For Immediate Release

All media houses

Taxing Emissions in Ghana: Criticisms Surrounding the Importation of Pollutants, Reflecting Misplaced Priorities and Environmental Hypocrisy

The recent implementation of Ghana’s Emission Tax through the Emissions Levy Act of 2023 (Act 1112) has stirred controversy, leading to concerns about the government’s environmental priorities. As an organization, we find it necessary to engage in the ongoing discourse and advocate for the reconsideration of this tax. We argue that the current approach exhibits environmental inconsistency by taxing emissions while allowing the importation of pollutants.

In the United Kingdom, where emissions from cars are taxed, the process is transparent and equitable. The tax rate is determined based on a vehicle’s CO2 emissions at the time of registration. Unfortunately, Ghana’s implementation of a similar law lacks clarity, leading to questions about the criteria used to establish emission values. We question whether the flat rate imposed reflects a well-considered strategy to reduce the country’s carbon footprint or simply serves as a revenue-generating mechanism for the government. Additionally, we seek clarification on whether other modes of transport, such as sea and air, are subject to emission taxes and how these taxes are utilized.

Tax values as by Act 1112

Description Fees per annum
Motorcycles & tricycles GH¢75.00
Motor vehicles, buses and coaches up to 3000 cc GH¢150.00
Motor vehicles, buses and coaches above 3000 cc GH¢300.00
Cargo trucks and articulated trucks GH¢300.00


Taxing vehicle usage without considering the carbon footprint is a misguided strategy, especially given Ghana’s participation in global initiatives aimed at reducing carbon emissions. Despite receiving significant payments ($4,862,280) for carbon reduction efforts through Emission Reductions Payment Agreements (ERPAs) with the World Bank’s Forest Carbon Partnership Facility (FCPF), there’s a lack of transparency regarding fund utilization. This raises concerns about the government’s apparent neglect of prioritizing net emissions reduction over imposing taxes on vehicles.

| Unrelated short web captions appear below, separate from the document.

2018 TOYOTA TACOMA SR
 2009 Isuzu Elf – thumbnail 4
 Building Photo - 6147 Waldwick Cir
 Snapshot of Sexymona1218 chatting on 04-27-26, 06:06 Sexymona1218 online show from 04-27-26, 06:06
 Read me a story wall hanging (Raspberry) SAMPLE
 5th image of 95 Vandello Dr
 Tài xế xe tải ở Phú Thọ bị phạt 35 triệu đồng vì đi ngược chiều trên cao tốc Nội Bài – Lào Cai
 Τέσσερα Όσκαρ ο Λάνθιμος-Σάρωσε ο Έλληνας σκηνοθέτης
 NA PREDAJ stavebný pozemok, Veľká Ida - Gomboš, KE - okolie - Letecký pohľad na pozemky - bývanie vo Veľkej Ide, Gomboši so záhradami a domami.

Moreover, Ghana’s lenient stance on fuel quality, allowing diesel imports with over 3000 parts per million (ppm) of sulphur, contrasts sharply with global transitions to Ultra-low-sulphur diesel (ULSD) with substantially lower sulphur content. While countries like Kenya, Mauritius, Morocco, and South Africa shifted to 50 ppm diesel in 2010, Ghana’s reluctance poses environmental and health risks.

Permitting the importation of high-sulphur content fuels, known for contributing to acid rain, health hazards, and engine damage, contradicts the government’s focus on taxing emissions from ‘imported goods.’ This apparent hypocrisy highlights the greater threat posed by the importation of polluted fuels.

In light of these facts, Ghana’s carbon emission strategy appears misguided. Rather than imposing taxes on imports, the government could align its policies with global fuel quality standards and maximize revenue potential from existing carbon reduction initiatives.

Recommendations include prioritizing the adoption of clean and low-sulphur fuel with less than 30 ppm, aligning with sustainable development goals and offering several compelling advantages.

Investing in cleaner fuels directly addresses environmental concerns, particularly air quality, contributing to reduced emissions of sulphur dioxide, a major air pollutant detrimental to respiratory health and the environment. This prioritization of cleaner fuels can effectively mitigate the negative impacts of air pollution on public health.

Moreover, embracing cleaner fuels aligns with global efforts to combat climate change by significantly reducing the carbon footprint. This not only demonstrates environmental responsibility on the global stage but also supports international climate change mitigation efforts.

From an economic perspective, investing in cleaner fuels has the potential to stimulate the growth of a cleaner energy sector. This encouragement of investment in sustainable technologies fosters job creation within sustainable industries. This contrasts with the potential burdensome impact of taxing emissions on businesses and consumers.

Additionally, prioritizing clean fuels aligns with the global trend towards sustainable practices, making Ghana potentially more attractive to international investments and partnerships. This enhances the nation’s reputation as a responsible and environmentally conscious entity, opening avenues for collaboration with other countries and organizations committed to sustainable development.